__Activity__. Write every record below out exactly; no images.

__Working data__.
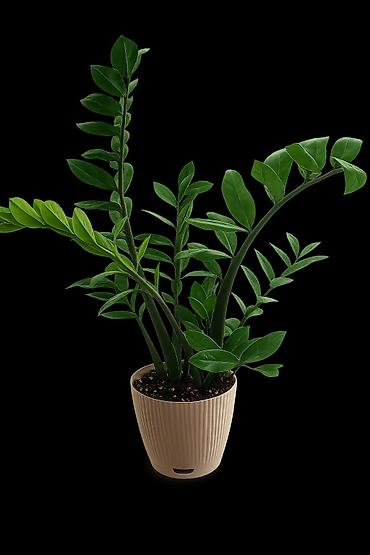 Комнатные растения: Замиокулькас (Zamioculcas zamiifolia) в декоративном горшке. цена 1200 — 1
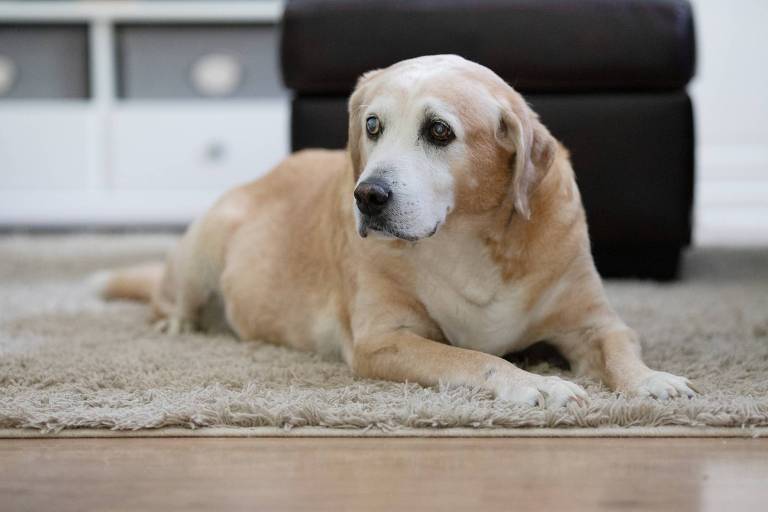 Foto mostra cachorro de pelagem caramelo clara, com pelos grisalhos no rosto e no peito, recostado em cima de tapete em um chão de madeira. Ao fundo, veem-se alguns móveis brancos e pretos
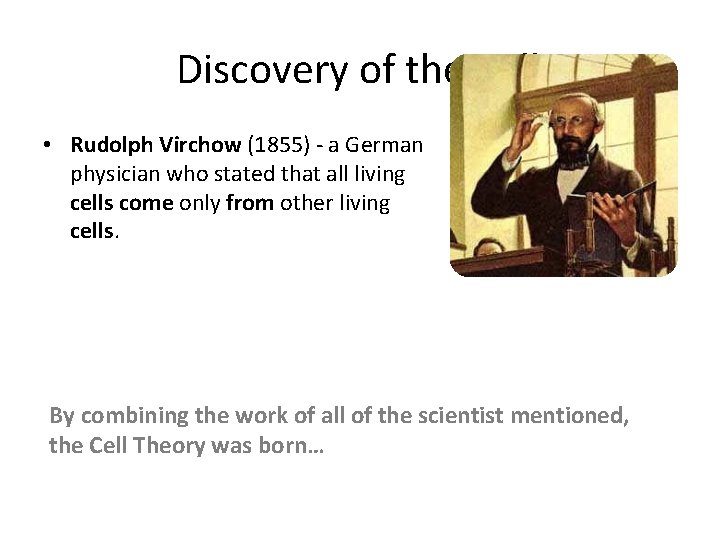 Discovery of the Cell • Rudolph Virchow (1855) - a German physician who stated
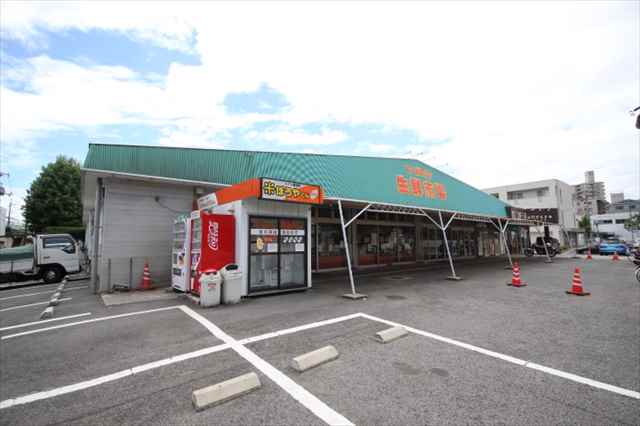 スーパー　下緑井生鮮市場（スーパー）まで1584m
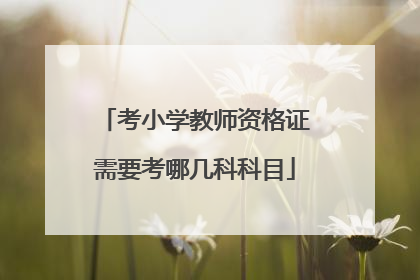 考小学教师资格证需要考哪几科科目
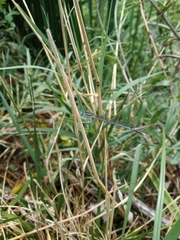 Platycnemis pennipes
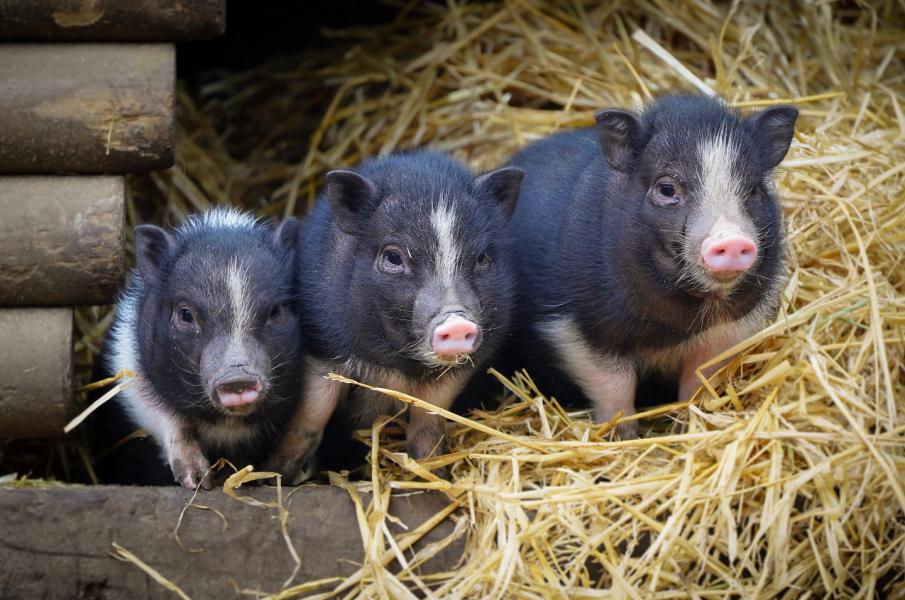Tierische Geschenkideen aus dem Wildpark Schwarze Berge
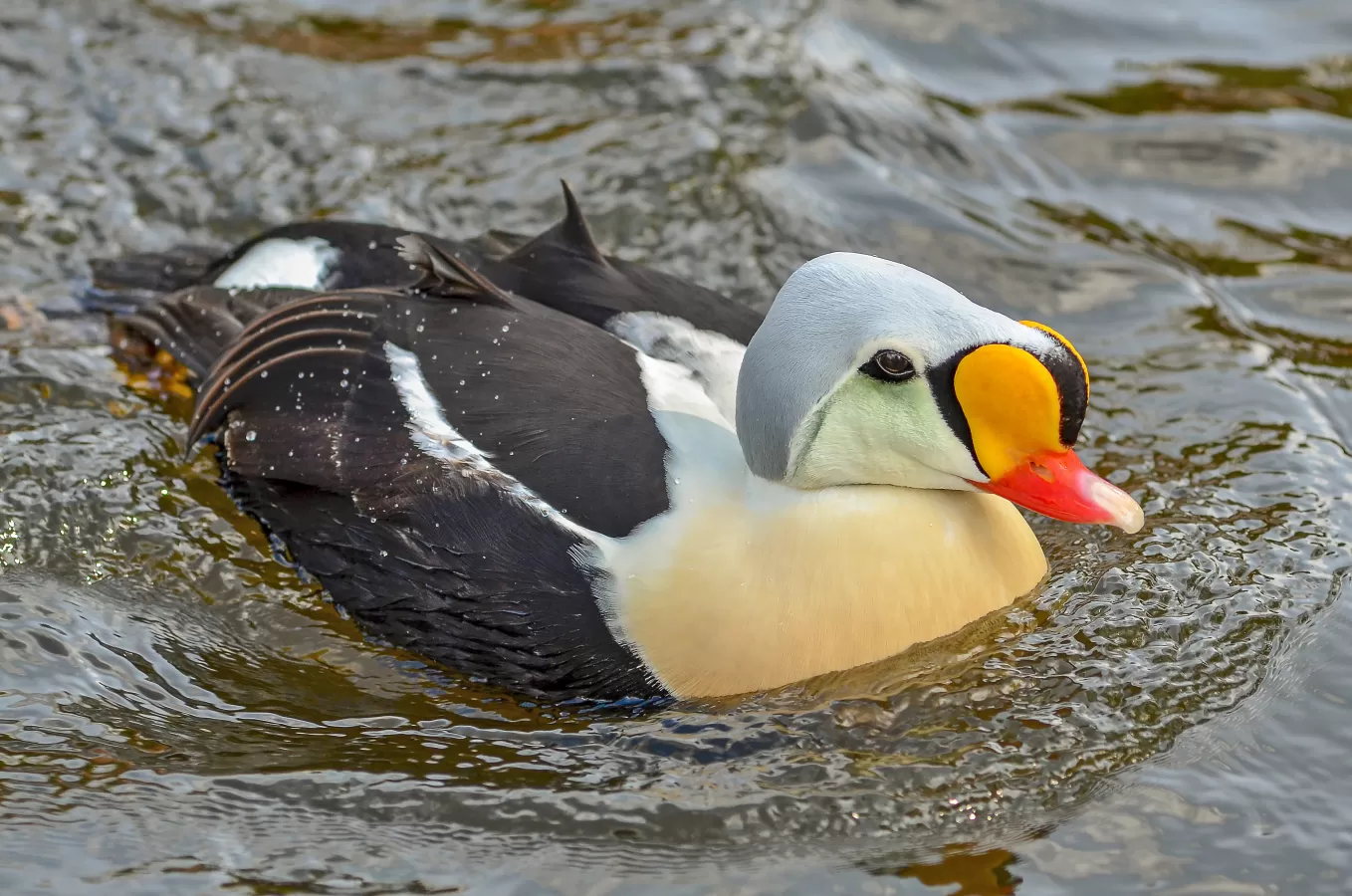 koningseider op het water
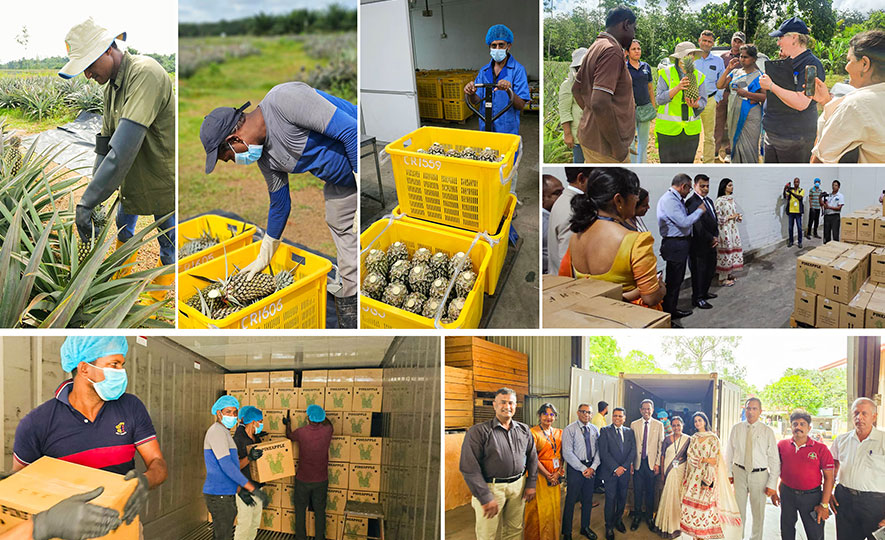 Historic Milestone in Sri Lankan Pineapple Exports to Pakistan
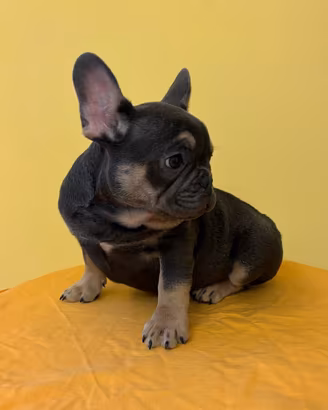cuccioli di bulldog francese esotici 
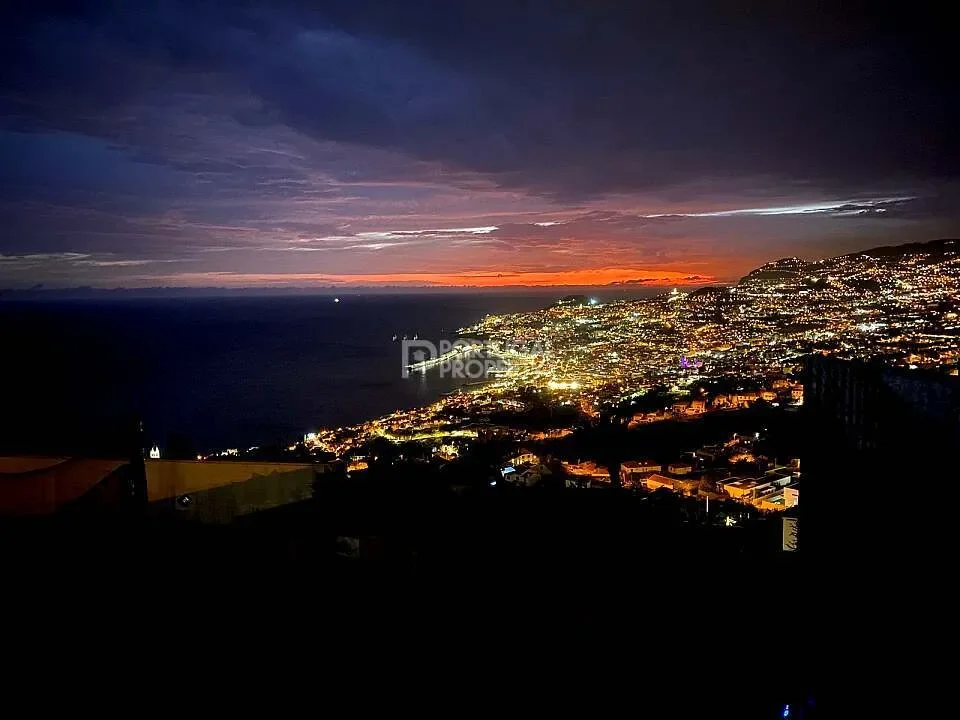 Funchal, Madeira, Funchal, Se, Madeira, Portugal. - Photo 6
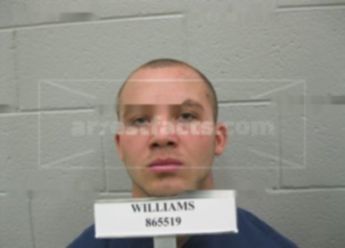 Brian Robert Williams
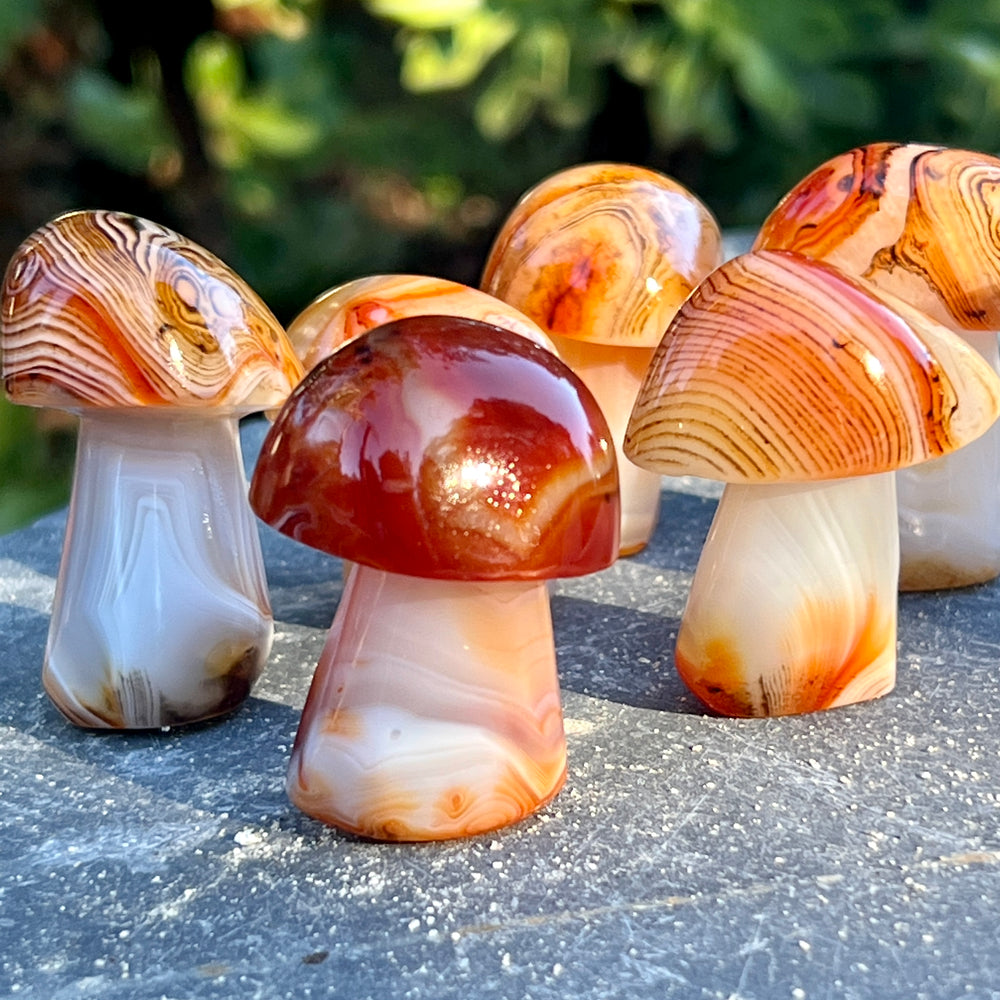A group of Banded Carnelian Mushroom Stones sitting on a stone, perfect for boho decor accents.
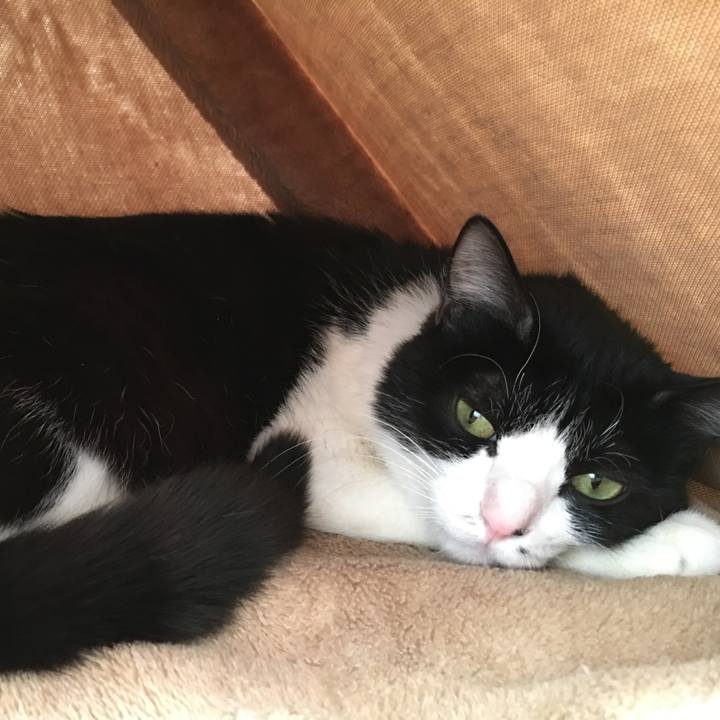 9e9e9569 873c 47a2 88c1 9a4670de9e5a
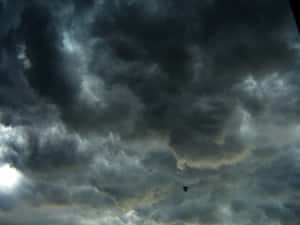 一隻鳥在烏雲密佈、金光閃爍的暴風雨天空下飛翔。 — 夜空 壁紙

__Reply__.
 Комнатные растения: Замиокулькас (Zamioculcas zamiifolia) в декоративном горшке. цена 1200 — 1
 Foto mostra cachorro de pelagem caramelo clara, com pelos grisalhos no rosto e no peito, recostado em cima de tapete em um chão de madeira. Ao fundo, veem-se alguns móveis brancos e pretos
 Discovery of the Cell • Rudolph Virchow (1855) - a German physician who stated
 スーパー　下緑井生鮮市場（スーパー）まで1584m
 考小学教师资格证需要考哪几科科目
 Platycnemis pennipes
Tierische Geschenkideen aus dem Wildpark Schwarze Berge
 koningseider op het water
 Historic Milestone in Sri Lankan Pineapple Exports to Pakistan
cuccioli di bulldog francese esotici 
 Funchal, Madeira, Funchal, Se, Madeira, Portugal. - Photo 6
 Brian Robert Williams
A group of Banded Carnelian Mushroom Stones sitting on a stone, perfect for boho decor accents.
 9e9e9569 873c 47a2 88c1 9a4670de9e5a
 一隻鳥在烏雲密佈、金光閃爍的暴風雨天空下飛翔。 — 夜空 壁紙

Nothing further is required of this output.